Way to go Duffy/Tug, and Eddie/Wayne/Mike!


----------



## JusticeDog (Jul 3, 2003)

bill barstow said:


> Call Back to OPen Water marks
> 
> 14 dogs= Stracka,Burns,Dieder,Barstow,Ward,Yozamp,Hall,Duffy,Devos,Curtis,Spangler
> 
> ...


Go Teak & Tug!!!!


----------



## Andy Carlson (Jan 3, 2003)

I just heard that the AM is temporarily halted due to snow. Visibility is no more than 100 yards.

I don't know numbers or dog names but this is what I heard for Open results:

1st Wayne Curtis
2nd Randy Spangler
3rd Dan Devos
4th Dave Ward

Andy


----------



## ricka (Oct 8, 2007)

Conratulations to all who placed. Also great job Steve Yozamp with Bob Zylla's young dog Pete with the RJ in the open.


----------



## HiRollerlabs (Jun 11, 2004)

Andy Carlson said:


> 1st Wayne Curtis
> 2nd Randy Spangler
> 3rd Dan Devos
> 4th Dave Ward
> ...


Wayne--1st with Buster Hayes
Randy Spangler -- 2nd with Rebel
Dan Devos -- 3rd with Maggie or Maddie (sorry)
Dave Ward -- 4th with FC Digger (sib to Ranger, Cody, & lots of titled dogs)
sorry did not get RJ or jams.

Randy said is snowed so hard they could not see the gun stations or the marks, so test was called for an hour. He said he's never seen anything like it.


----------



## Andy Carlson (Jan 3, 2003)

A HUGE congratulations to Brandon and Queenie for their RJ in the Amateur!!

Andy


----------



## bill barstow (Nov 14, 2003)

amatuer results
#32 dog also won open with Curtis (hayes/buster)
# 11(Bath/Ben
#27(barstow/teak
#1(Goettill/ozzie
RJ # 37(edminton/queen
JM # 4,18,24,26,40 Talley,Cooper,Spangler (2nd open),Talley,O'connell


----------



## HiRollerlabs (Jun 11, 2004)

Way to go Buster Hayes, Pete & Wayne!!


----------



## Becky Mills (Jun 6, 2004)

Andy Carlson said:


> A HUGE congratulations to Brandon and Queenie for their RJ in the Amateur!!
> 
> Andy


WHAT ANDY SAID!!!!!
And just to think - Kevin said Brandon was untrainable.


----------



## Howard N (Jan 3, 2003)

Congrats to training partner Bill Barstow and his dog Teak for their 3rd place in the amateur!!! and for jamming the open.

Good going guys!!!

And Pat for support.


----------



## JusticeDog (Jul 3, 2003)

bill barstow said:


> amatuer results
> #32 dog also won open with Curtis (hayes/buster)
> # 11(Bath/Ben
> #27(barstow/teak
> ...


Yeah Bill!


----------



## Howard N (Jan 3, 2003)

This was the amateur water marks.


----------



## Granddaddy (Mar 5, 2005)

Refering to the picture...welcome to the warm & sunny south! 

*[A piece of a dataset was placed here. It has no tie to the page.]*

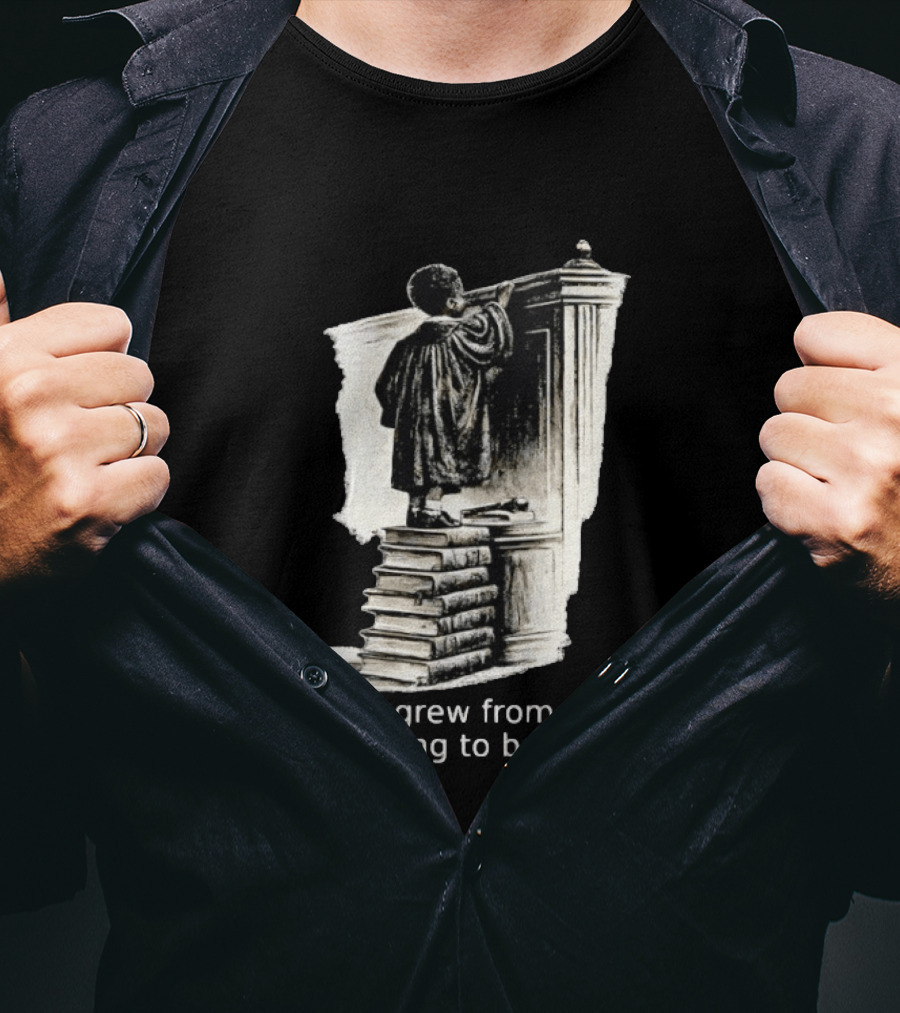 Justice Grew From Voices Too Young To Be Heard Child Standing On Books T-Shirt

It was quite a challenge running in the sleet, snow, strong wind & cold.


----------



## DEDEYE (Oct 27, 2005)

COngratulations to Bill and Teak! Guess that winter weather didn't bother an ALASKAN dog!


----------



## Judy Chute (May 9, 2005)

Howard N said:


> This was the amateur water marks.



..at least the water is "open"!! We have a foot of new snow and evidently plenty more coming... 

Congratulations to All!!

Judy


----------



## Howard N (Jan 3, 2003)

One more from Bill at the amater.


----------



## Dan Wegner (Jul 7, 2006)

Keep this picture in mind the next time you're praying for a big white breasted bird on a key mark... Sometimes prayers ARE answered, but not in the fashion we would have hoped for.

On the other hand... looks like a mild winter training day up north.


----------



## K G (Feb 11, 2003)

DEDEYE said:


> Guess that winter weather didn't bother an ALASKAN dog!



That snow will be replaced by 70+ temps in the same area this weekend. 

kg


----------



## Brandoned (Aug 20, 2004)

Becky Mills said:


> WHAT ANDY SAID!!!!!
> And just to think - Kevin said Brandon was untrainable.


Thanks Becky and Andy! I would like to say THANKS to the judges, bird boys, marshall's and everyone else who sat out in the rain, sleet, snow, wind, etc, etc to put this trial on!


----------



## K G (Feb 11, 2003)

So...on the results page on Entry Express, it shows the owner handled the dog to the win in the Open, yet earlier on this thread it showed Wayne Curtis as the handler.....

Just sayin' regards, :wink:

kg


----------



## Boomer (May 13, 2006)

It Was Wayne Not Pete!


----------



## Fourleaf (Jun 1, 2004)

Pete was busy working on his property next door during the Open. 

Good job, Bus - doubleheader or not...

Lance Hughey
Fourleaf Labs


----------